Federico Benítez, 50 años, separado, padre de dos adolescentes, Joel y Candela, ha planificado con sus hijos un viaje a las Cataratas del Iguazú. Pero el sábado de la partida una repentina llamada telefónica cambia los planes. Ahora el destino es un pueblito perdido en la Patagonia profunda, donde ha muerto la profesora Muzopappa, una figura que por alguna razón que sus hijos ignoran, ha sido clave en la vida de Federico. A partir de allí la historia se desarrollará en dos tiempos: el presente en que Joel y Candela a bordo del auto de su padre se dejan arrastrar de mala gana por él hacia el hielo y la nieve vestidos de verano y el relato de la propia adolescencia de Federico en el Colegio Nacional Normal Superior Augusto del Manso, donde en 1983, participó del Primer Torneo Interdivisional de Fútbol.

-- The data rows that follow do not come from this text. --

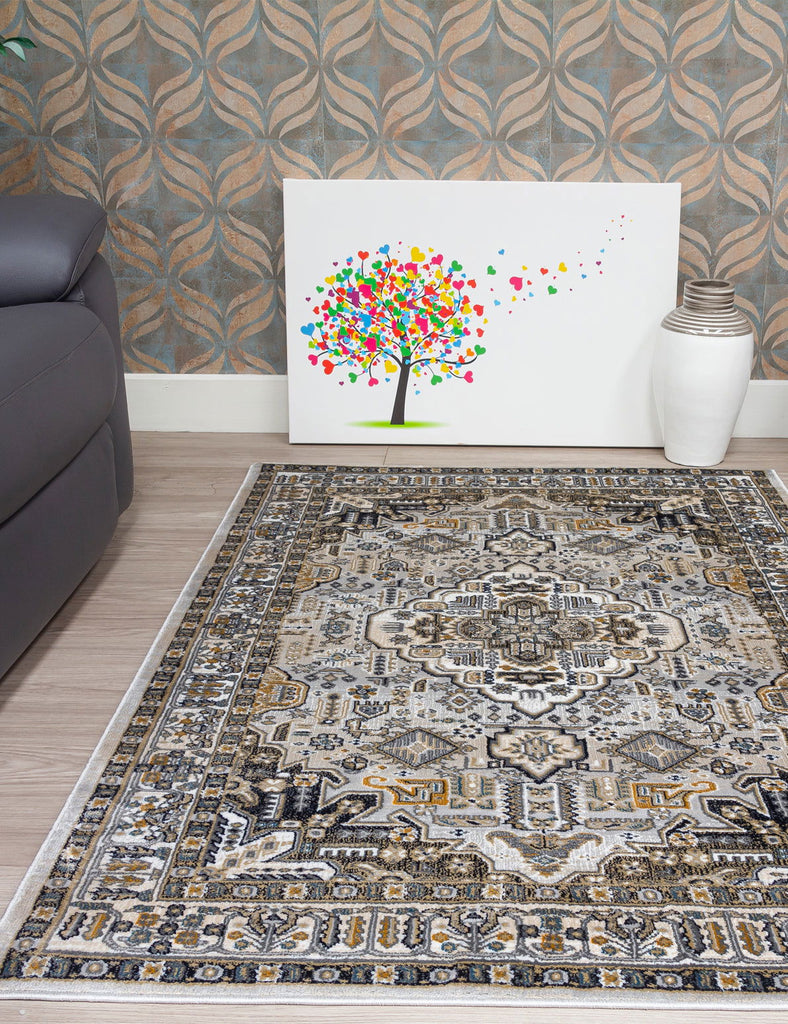 Aziza Medallion Rug - Grey - MacCarthys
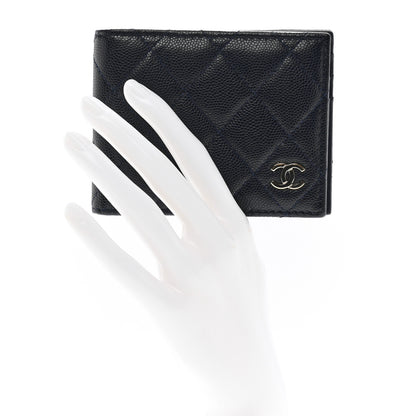 Chanel Caviar Quilted Bi-Fold Wallet Dark Blue 2 of 9
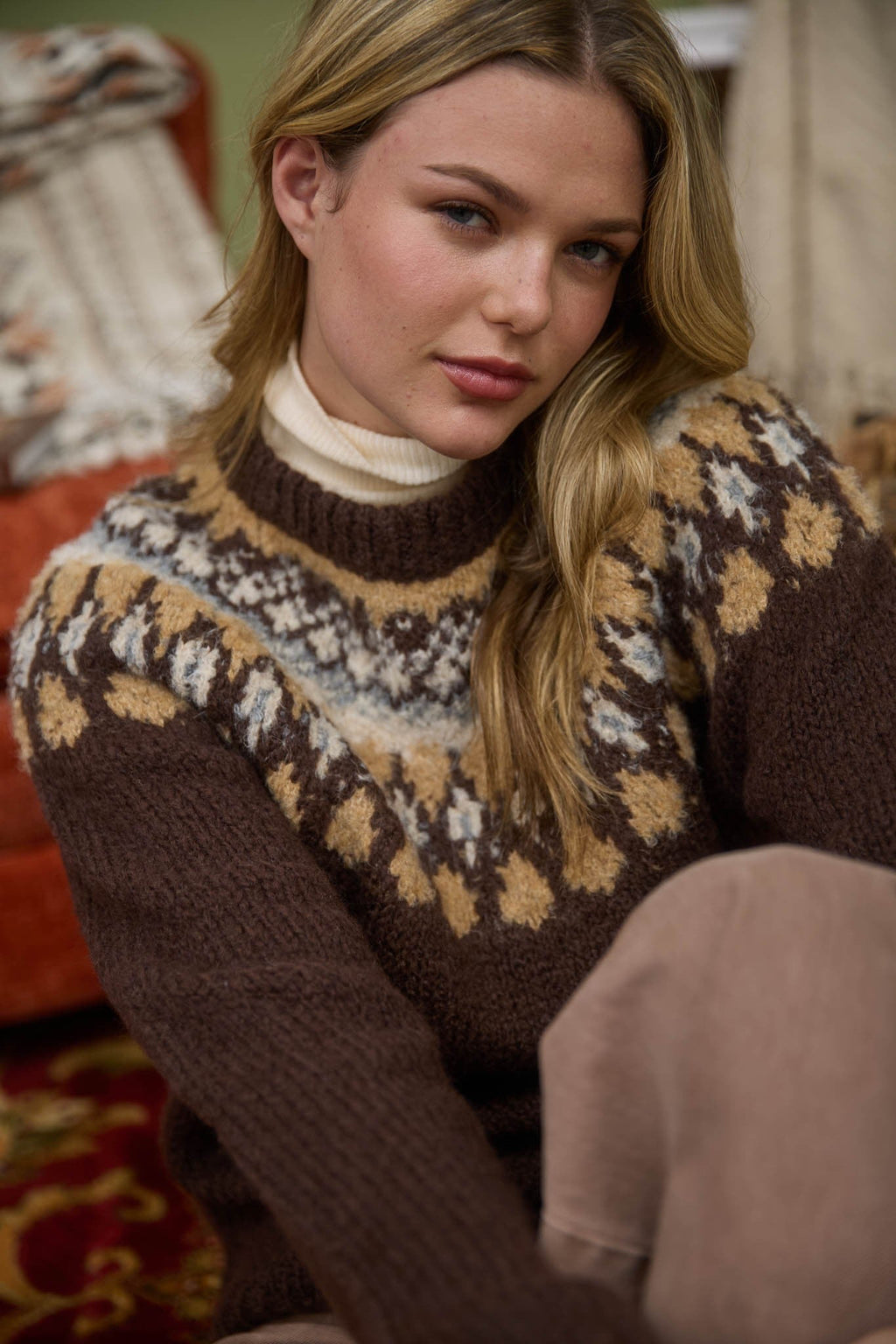 Maple Lodge Sweater - Brown Multi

En cuatro días de viaje hacia el entierro, el relato del pasado de Federico les permitirá a sus hijos descubrir a un padre desconocido, modelado en el sufrimiento al que lo condenaron la indiferencia absoluta de su madre, la violencia de su abuelo y la falta de comunicación con los adultos, a excepción de la profesora Muzopappa.
Este es, a grandes rasgos, el núcleo de la última novela de Eduardo Sacheri, El funcionamiento general del mundo (Alfaguara), en la que vuelve al fútbol para tomarlo como experiencia transformadora capaz de modificar la percepción del mundo. El año del torneo, por supuesto, no fue elegido al azar. Es el año de acceso a una democracia incipiente en la que aún resuenan ecos de un pasado feroz que nos atravesó como sociedad y como individuos.
-¿Cómo nació El funcionamiento general del mundo?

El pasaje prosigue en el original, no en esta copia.